Gao argued that the monosyllabic structure of Chinese vocabulary was a later development due to external influences, arguing that the word structure of the Sinitic languages in the past was closer to the Uralic languages. Similarly, Karl August Hermann argued that the monosyllabic word structure in Sinitic is not an obstacle to a linguistic relationship.

== History ==

The earliest known mention of a possible relationship between the Uralic and Sinitic languages was made by Sajnovics in 1770, who raised questions about a possible relation of Chinese and Hungarian, due to some lexical examples which he thought to be similar. Then in 1895, a relation between Sinitic and Uralic was proposed by the Estonian linguist Karl August Hermann. He made a comparison of Estonian, Finnish and Chinese, arguing that they were related, although he also included Altaic (which itself is today generally rejected) in the family. In the modern day its main advocate has been Jingyi Gao, first proposing it in 2005 and later making another book on the topic in 2008 along with making later articles. Estonian academics and linguists such as Ago Künnap, Jaan Kaplinski, Urmas Sutrop and Märt Läänemets along with a few Chinese professors such as Feng Zheng, Li Baojia and Jiang Jicheng have expressed interest over the theory and calling for more studies on the topic. Despite this, they have not endorsed Gao's theory of a Sino-Uralic language family. George van Driem argues that Sino-Uralic along with other theories such as Sino-Indo-European are constructed by using flawed methodologies with inadequate knowledge of historical Chinese and the Trans-Himalayan languages, representing false language families. According to van Driem, the theory is not supported by proper evidence.

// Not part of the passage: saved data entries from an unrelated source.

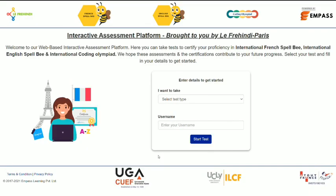Hello students! Today we are going to give you a demo session for round 2 of the 9th International French Spellby. You have to follow the same instructions as you did for round 1. The test platform for the real test of round 2 will remain the same.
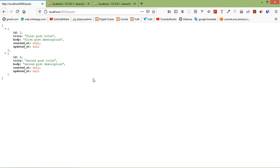So in this way you can use multiple database connections in Laravel 8. That's all about multiple database connections. Thanks for watching. If you still have any questions, you can ask me in the comments. Don't forget to subscribe to the channel. Thanks for watching.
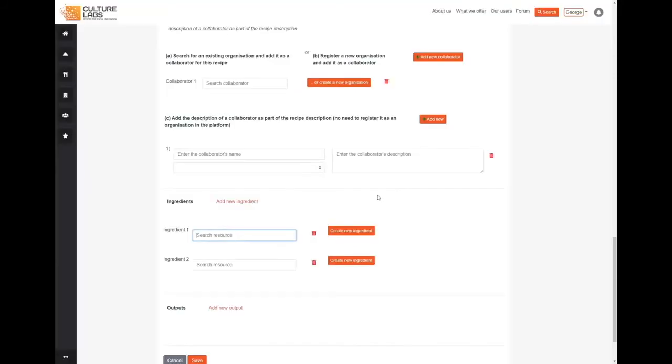Or we can click on this button here to create an ingredient from scratch. This takes us to the ingredient creation screen.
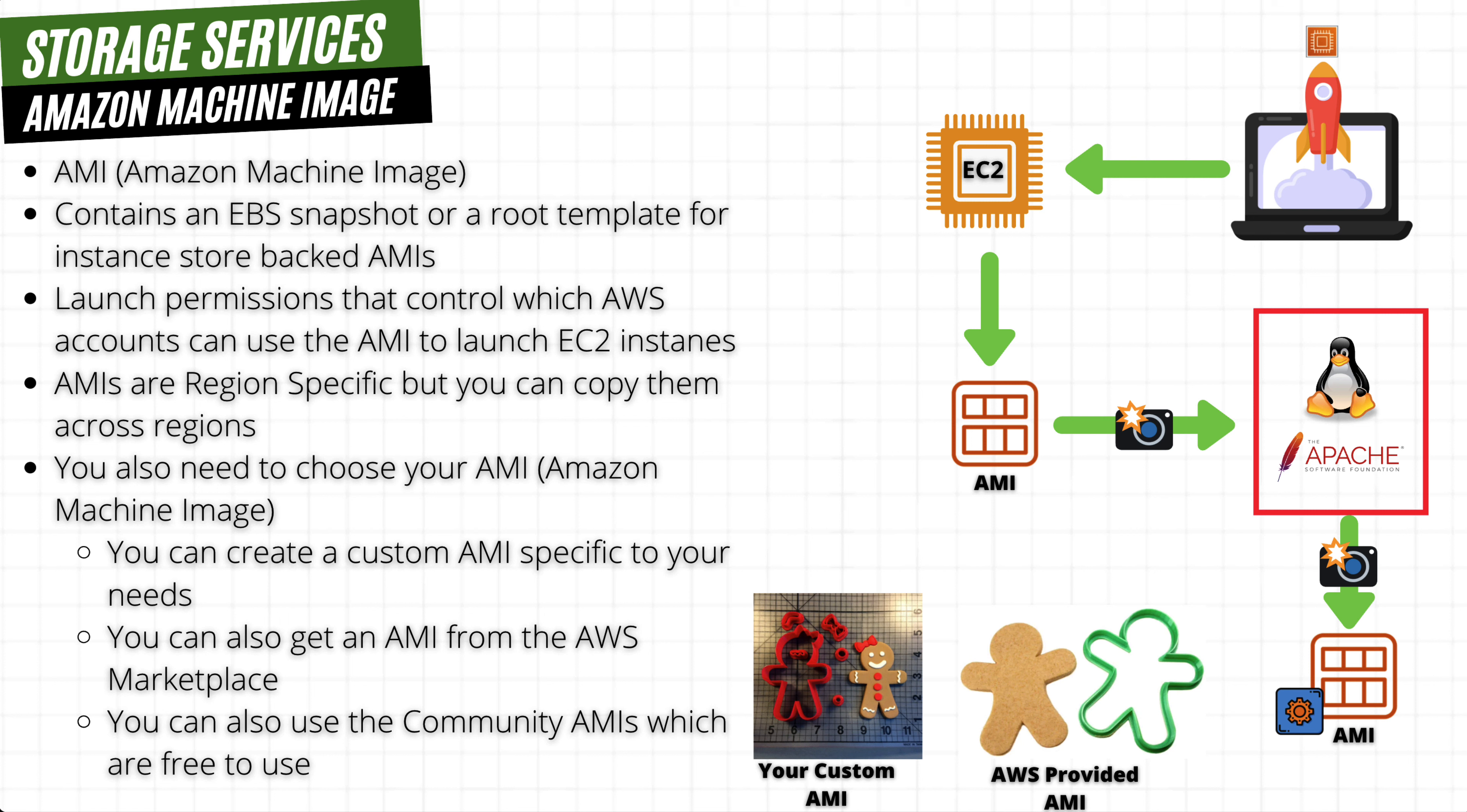AMIs that you create can have configured software or services tailored to what you need for your workload, which can help reduce time to operation because it already has all the dependencies it needs to work. This makes everything easier, but this also means we have to maintain this type of AMI.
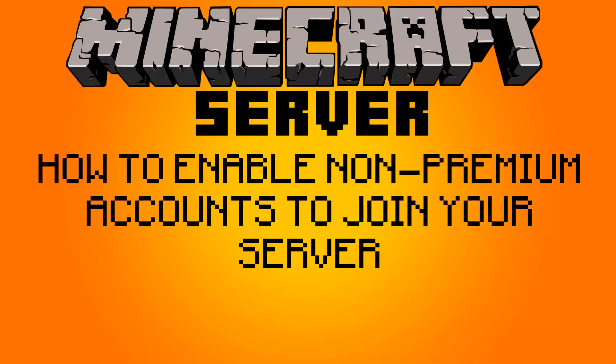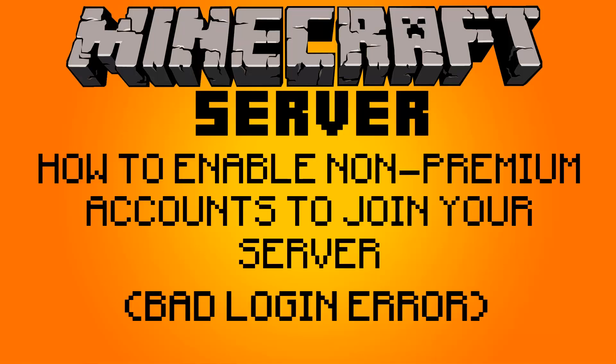As you can see from the video, today I'm going to show you how to solve this Minecraft server problem when you're trying to connect to your own server and it says Minecraft Bad Login Connection Refused or something along those lines.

Before Gao, Morris Swadesh had already theorized about a relation between Sinitic and Uralic, proposing a more radical and massive Dené-Finnish grouping which encompasses Athabaskan, Uralic and the Sino-Tibetan languages. Swadesh's theory has been called "radical". Another similar large language family including Sinitic and Uralic, was suggested by Karl Bouda in 1950, his theory included: Sino-Tibetan, Uralic, Yeniseian, Austronesian and others being distantly related.